= Jan Hals =

Dutch Golden Age painter (1620–1654)

Jan Hals (1620, Haarlem - 1654, Haarlem) was a Dutch Golden Age painter.

==Biography==
According to Houbraken he was the son of the painter Frans Hals and was like his brothers Harmen and Frans II, good at music and painting. He was a member of the Haarlem Guild of St. Luke. He had two children, Jan Jansz and Klaas, of whom one was still alive when Houbraken was writing. Houbraken claimed the son who was still alive (at the time he was writing, c. 1704–1710) had emigrated to the East Indies where he lived with a mestizo whom he married for her money, in a house filled with paintings "in the Dutch manner". Houbraken heard this story from J. Wieland, an elderly art collector who had known the family.

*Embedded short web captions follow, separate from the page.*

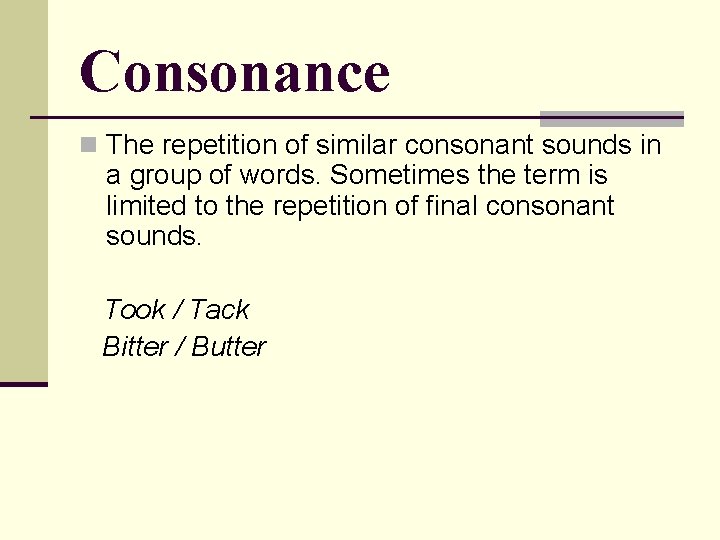 Consonance n The repetition of similar consonant sounds in a group of words. Sometimes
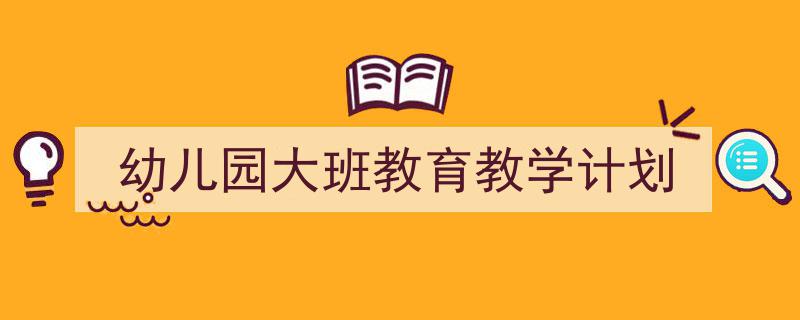 精心挑选《幼儿园大班教育教学计划》相关文章文案。（精选5篇）"/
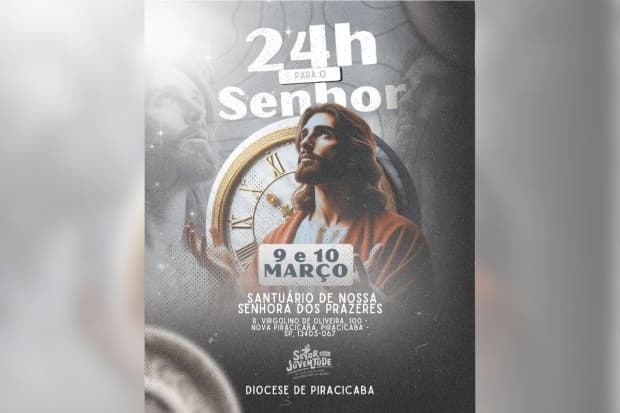 Diocese realiza vigília "24 Horas para o Senhor" no Santuário Nossa Senhora dos Prazeres, em Piracicaba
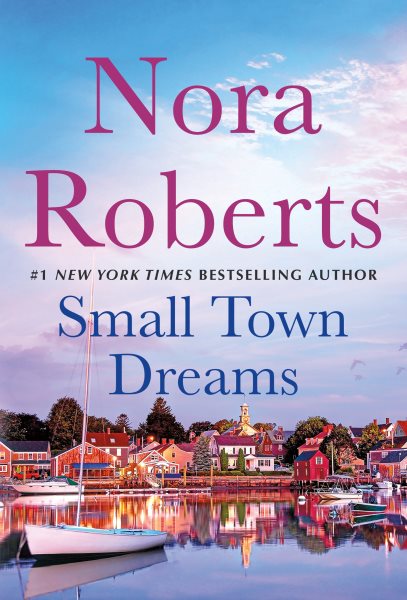 Small Town Dreams: First Impressions and Less of a Stranger - A 2-in-1 Collection cover
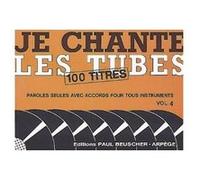 Je chante les tubes,4 Collectif (Auteur)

According to the RKD he was the son of Frans Hals and his second wife, Lysbeth Reyniersdr. He was the half-brother of Harmen and Frans II, and the full brother of Reynier and Nicolaes. He was the brother-in-law of Pieter Gerritsz van Roestraten. He had the bentname "De Gulden Esel" (the golden easel), but he is not recorded in Italy, so it is difficult to understand how he came to join the Bentvueghels. He married in 1648 but his wife died only 6 months later. He married a second time to Sara Gerritsdr in 1649, but they appear to both be dead by 1654, when two sons are sent to the orphanage. He is known for portraits and scenes of daily life.